As Dr. King often said, “Injustice anywhere is a threat to justice everywhere.” He believed that justice was the birthright of every human being.

Dr. King dreamed of “a world in which men will no longer take necessities from the masses to give luxuries to the classes.” Given our current economic situation, disparity in health-care coverage and the countless examples of Wall Street greed, it almost sounds prophetic.

Dr. King’s deep dedication to workers’ rights and economic justice came toward the end of his tragically short life. On April 4, 1968, he was fatally shot while standing on a balcony in Memphis, Tenn., where he was helping lead sanitation workers in a protest against low wages and poor working conditions. Plans were under way for the “Poor People’s Campaign” to draw attention to economic injustice. King was assassinated before the campaign was successfully launched and his proposed economic bill of rights was never passed.

As we work to improve our current economic injustices, let us be reminded of what Dr. King forewarned: “All progress is precarious, and the solution of one problem brings us face to face with another problem.”

Setbacks are to be expected, but now, more than ever, I imagine Dr. King would advise us to get back to the basics of economic justice – creating jobs, paying fair wages and providing access to education and training for all people.

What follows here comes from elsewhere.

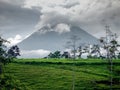 Erupting Arenal Volcano masked in clouds Royalty Free Stock Photo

Please join Bankers Trust Co. and me in a commitment to do all we can within our own companies, communities and spheres of influence so we can continue the vision of Dr. King. As he reminded us, “History will have to record that the greatest tragedy of this period of social transition was not the strident clamor of the bad people, but the appalling silence of the good people.”

Suku Radia is the president of Bankers Trust Co.